Who: “Resurrection,” currently airs on network TV, specifically on ABC, Sundays at 9:00 PM.
What: “Resurrection,” a fantasy drama in which long-deceased individuals find themselves alive again in the small town of Arcadia, Missouri, and watch as their families adjust to this news and, in some cases, try to solve the mystery of how these people received literally new leases on life.
When: The series premiered on ABC, Sunday, March 9, 2014, at 9:00 PM.
Where: The show is set in a small town, specifically Arcadia, Missouri.
Why: The premise for the show was fairly interesting, since some of the revived characters have been dead for decades. It’s also executive produced by Brad Pitt, among others, and happens to fall in a time slot between Once Upon a Time and Revenge, both of which I watch. Plus, Red Foreman (i.e. Kurtwood Smith) and Rose’s mean mother from Titanic (i.e. Frances Fisher) are two of the featured performers.
How – as in How Was It?
The pilot/premiere rating scale:
***** – I HAVE TO WATCH EVERYTHING. HOLY SMOKES!
**** – Well, it certainly seems intriguing. I’m going to keep watching, but I see possible pitfalls in the premise.

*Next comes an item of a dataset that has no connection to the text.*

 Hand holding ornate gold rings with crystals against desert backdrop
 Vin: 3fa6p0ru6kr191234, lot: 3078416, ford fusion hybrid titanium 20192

*** – I will give it six episodes and see what happens. There are things I like, and things I don’t. We’ll see which “things” are allowed to flourish.

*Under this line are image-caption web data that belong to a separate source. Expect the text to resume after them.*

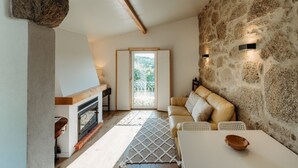 Un salon chaleureux avec un mur en pierre, une cheminée, un canapé et une table à manger.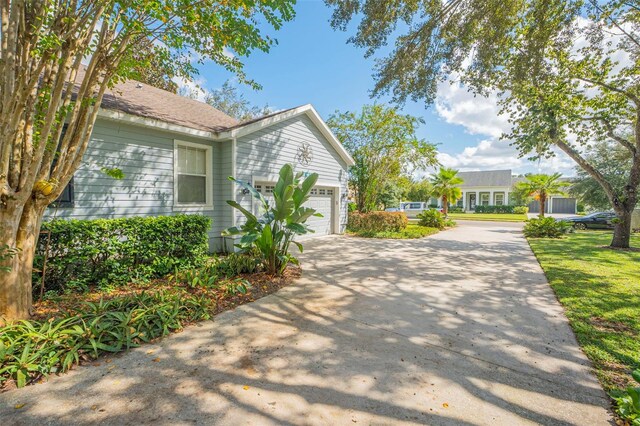 view of side of home with a garage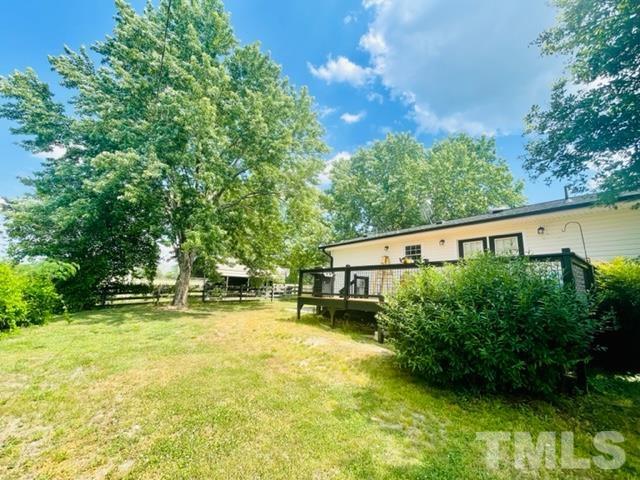 459 Cooke Road Louisburg, NC 27549 - Photo 5 of 14 View of the back of the home. Here you'll find more mature trees, and a beautifully recently upgraded and stained back deck. Perfect for grilling or relaxing on.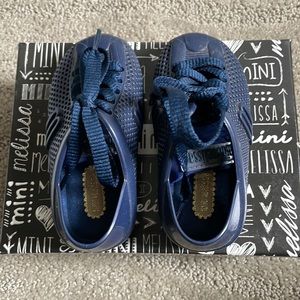 Like new blue Mini Melissa toddler size 6 shoes.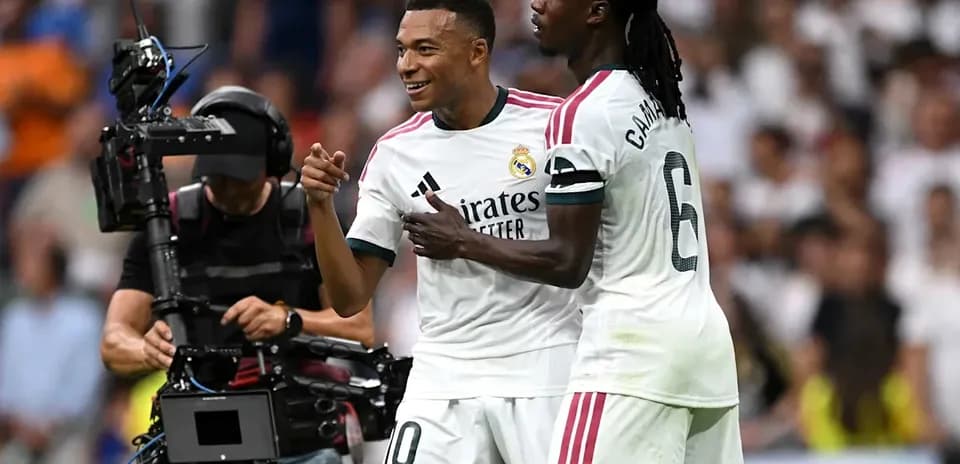 Mbappé and Camavinga celebrating on the pitch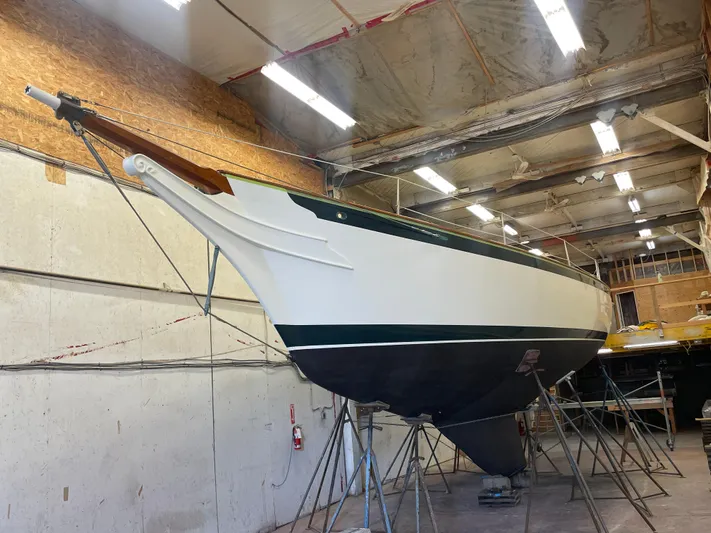 "warm Rain Ii" Yacht Photos Pics Custom Bruce King 1992 sailboat in a workshop, elevated on stands.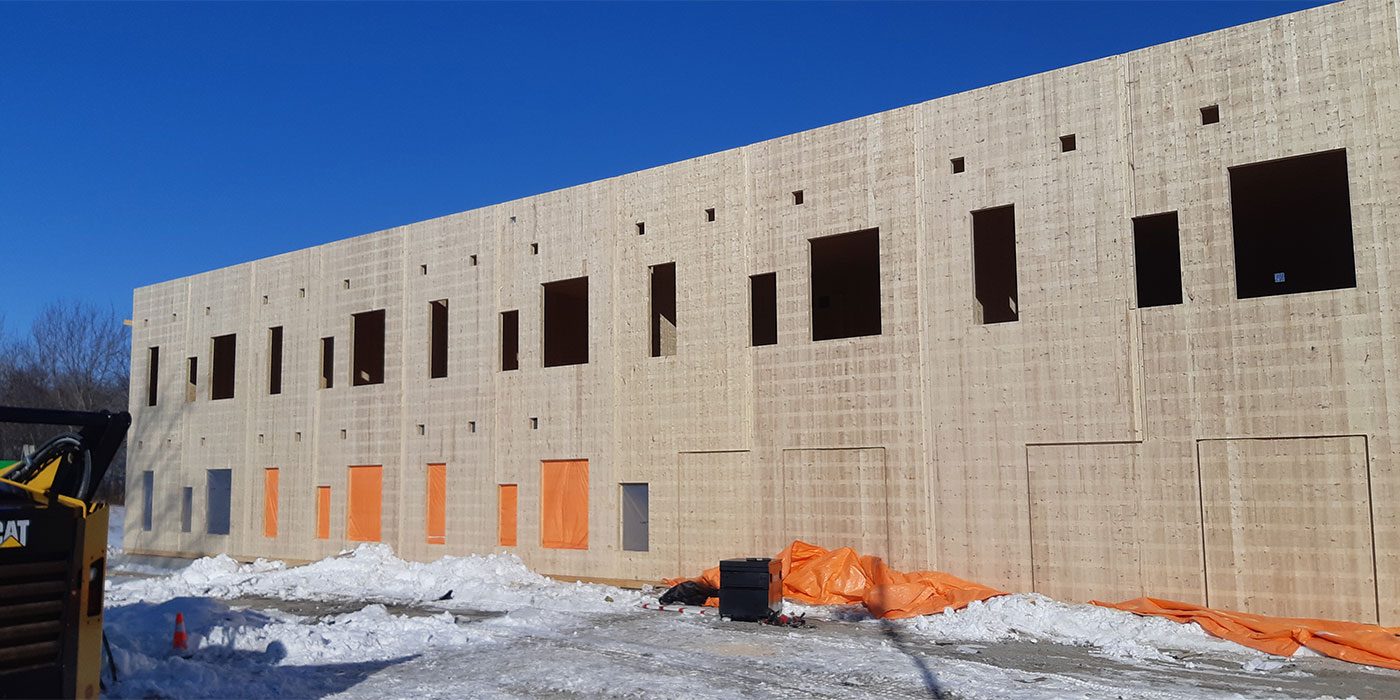 Long timber façade during construction with openings cut for windows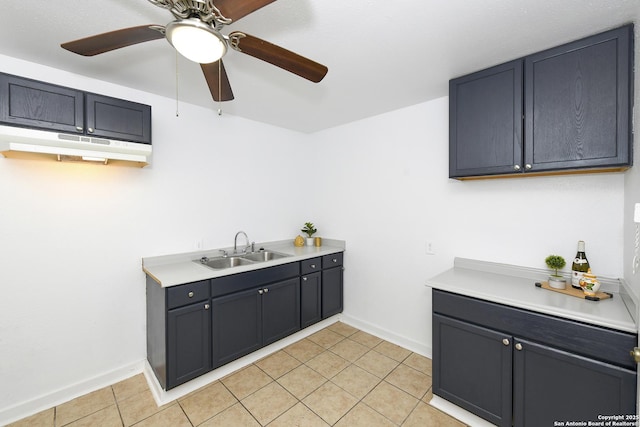 kitchen featuring ceiling fan, light tile patterned flooring, and sink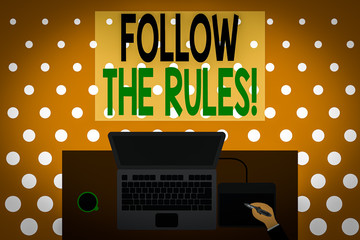 Word writing text Follow The Rules. Business photo showcasing go with regulations governing conduct or procedure Upper view laptop wooden desk worker drawing tablet coffee cup office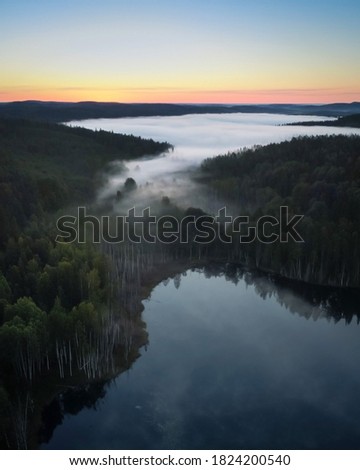 Morning fog over a mountainous area from a bird's eye view. Bright colors of dawn and misty river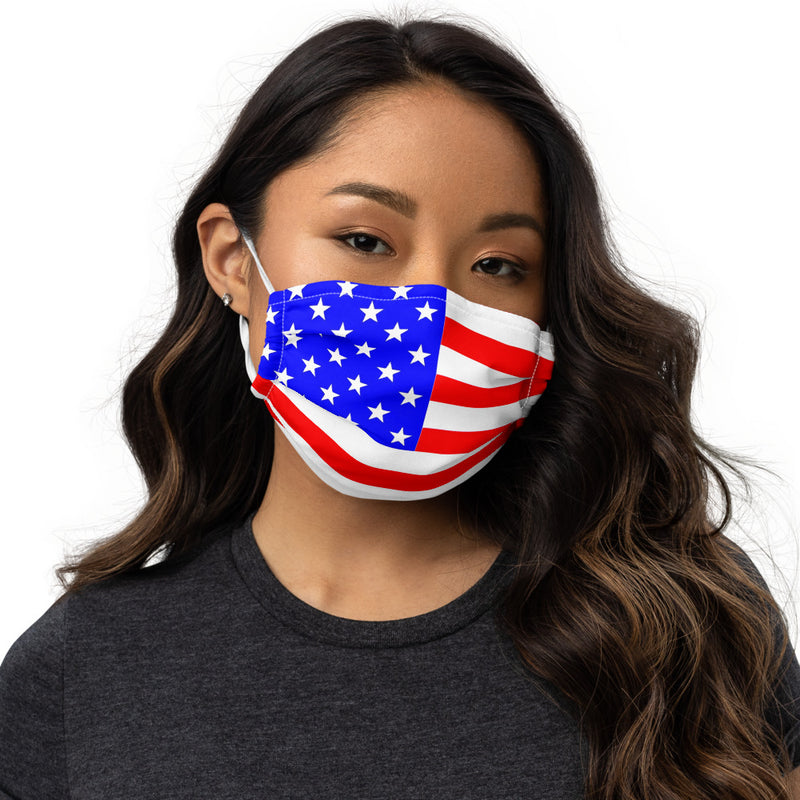A woman with brown hair wearing a premium white face mask with the United States of America flag imprinted red white and blue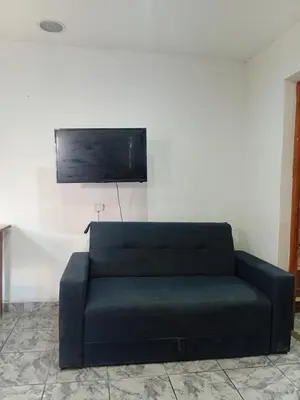 a black couch in a room with a tv at Monoambiente Amoblado in Cordoba
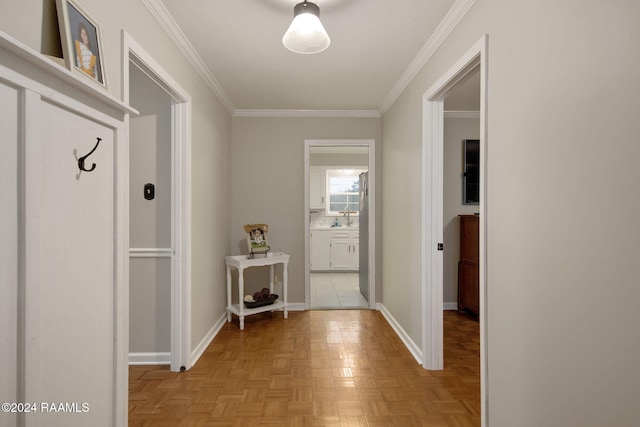 hall featuring ornamental molding, sink, and light parquet floors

** – I will give it three episodes. Chances are, I’m mainly bored, but there is some intrigue or fascination that could hold it together. No matter how unlikely.

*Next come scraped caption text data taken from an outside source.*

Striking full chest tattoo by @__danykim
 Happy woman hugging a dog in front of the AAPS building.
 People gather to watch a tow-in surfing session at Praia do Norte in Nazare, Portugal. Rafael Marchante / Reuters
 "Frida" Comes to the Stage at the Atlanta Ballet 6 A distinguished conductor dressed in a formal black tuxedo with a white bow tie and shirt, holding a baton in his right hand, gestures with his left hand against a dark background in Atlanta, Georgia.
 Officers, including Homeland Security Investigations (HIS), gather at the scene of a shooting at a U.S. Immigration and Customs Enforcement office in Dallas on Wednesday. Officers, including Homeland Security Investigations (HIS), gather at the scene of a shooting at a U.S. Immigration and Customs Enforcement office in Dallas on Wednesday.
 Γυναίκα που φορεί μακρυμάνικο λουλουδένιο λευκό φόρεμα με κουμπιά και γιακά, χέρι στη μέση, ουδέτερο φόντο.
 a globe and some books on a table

* – Pass on this one, guys. It’s a snoozer/not funny/not interesting/not my cup of tea… there are too many options to waste time on this one.
Resurrection = ****
J. Martin Bellamy (Omar Epps), an INS agent, is sent to recover a small boy who has been discovered in a rural province in China. He is clearly American, has no idea where he is or how he got there, and won’t talk to anyone, though he woke up in marshlands, confused and scared. After he is shipped back to the US, Martin is able to coax the child into revealing his origins: a small town in Missouri called Arcadia. In fact, Jacob is able to point out his house. Martin knocks on the door of Henry and Lucille Langston’s home (Smith/Fisher) to reveal that their son has been found, but they react with disbelief: after all, according to the grief-stricken couple, Jacob has been dead for 32 years, believed to be drowned in a nearby river. When Lucille espies the perfect carbon copy of her boy in the backseat of Martin’s car, who has not aged a day, she reacts with caution and elation all at once, while her husband recoils in fear and suspicion. What’s more, Martin is reluctant to turn the boy over to federal custody upon the discovery of this information and convinces his boss to allow him to monitor Jacob and Arcadia, as other long deceased persons start to reappear. Martin, along with key members of the small Missouri town, work together to try to ascertain why this might be happening, while affected loved ones react with a veritable gamut of emotions, ranging from pure joy to unadulterated fear and suspicion at the return of the resurrected.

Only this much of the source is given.